ASSIGNED TASK. Start at the line that contains "this 1456×819 image.". Repeat it and each line after it, exactly, up to and including the final line of the data.
****************************************
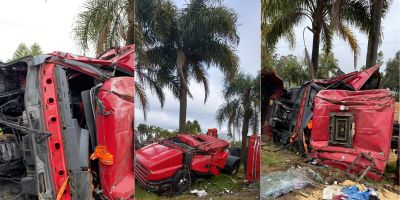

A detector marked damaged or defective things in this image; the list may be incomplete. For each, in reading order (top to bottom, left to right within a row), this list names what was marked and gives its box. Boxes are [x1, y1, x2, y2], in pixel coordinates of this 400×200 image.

overturned vehicle [0, 45, 134, 200]
crushed red truck [0, 44, 135, 199]
overturned vehicle [134, 134, 241, 195]
overturned vehicle [262, 65, 396, 180]
crushed red truck [262, 65, 396, 182]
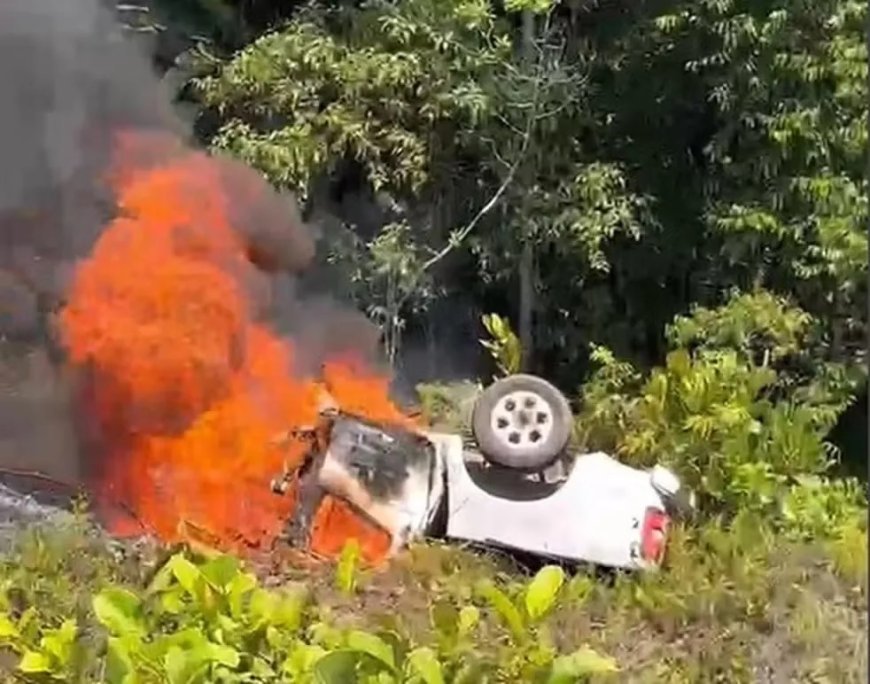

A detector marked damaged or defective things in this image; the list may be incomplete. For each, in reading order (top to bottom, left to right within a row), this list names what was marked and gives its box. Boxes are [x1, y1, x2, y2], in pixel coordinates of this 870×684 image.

overturned white vehicle [276, 374, 700, 572]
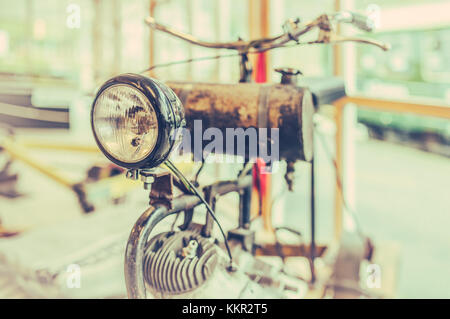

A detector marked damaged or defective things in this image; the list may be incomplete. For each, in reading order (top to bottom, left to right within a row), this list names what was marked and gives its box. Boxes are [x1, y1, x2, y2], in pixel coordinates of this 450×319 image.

corroded fuel tank [167, 82, 314, 162]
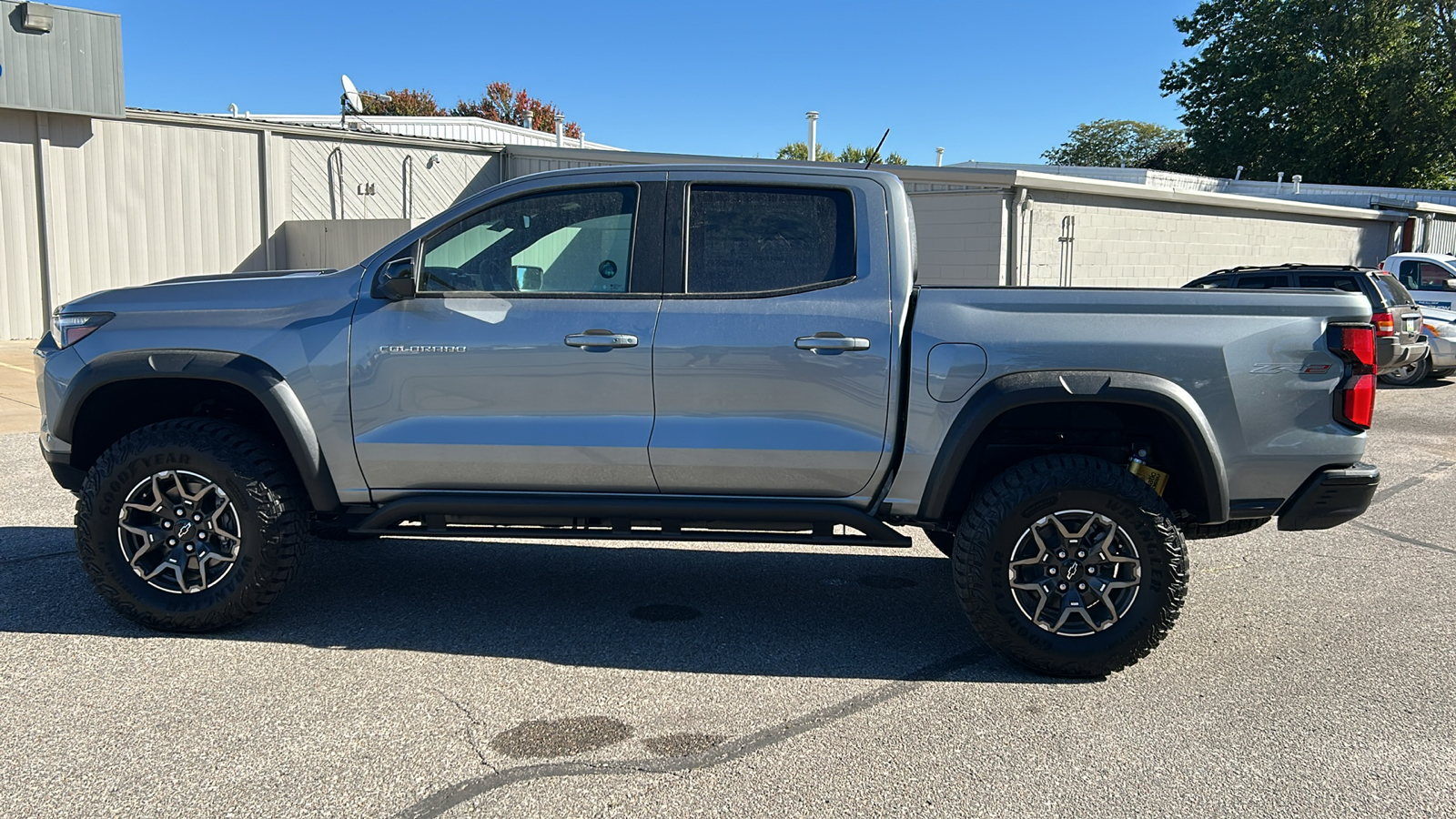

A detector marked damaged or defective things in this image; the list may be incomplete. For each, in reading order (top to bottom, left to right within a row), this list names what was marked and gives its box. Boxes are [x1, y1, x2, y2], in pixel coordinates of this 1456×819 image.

parking lot crack [393, 648, 997, 819]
****************************************
FINISHED TASK.
A detector marked damaged or defective things in this image; the list may be incomplete. For each, in reading order (top to bottom, left to right within a row), this list names what was marked and gives its box. Boxes are [x1, y1, x2, y2], in pixel coordinates of this 1456×819 image.

parking lot crack [393, 648, 997, 819]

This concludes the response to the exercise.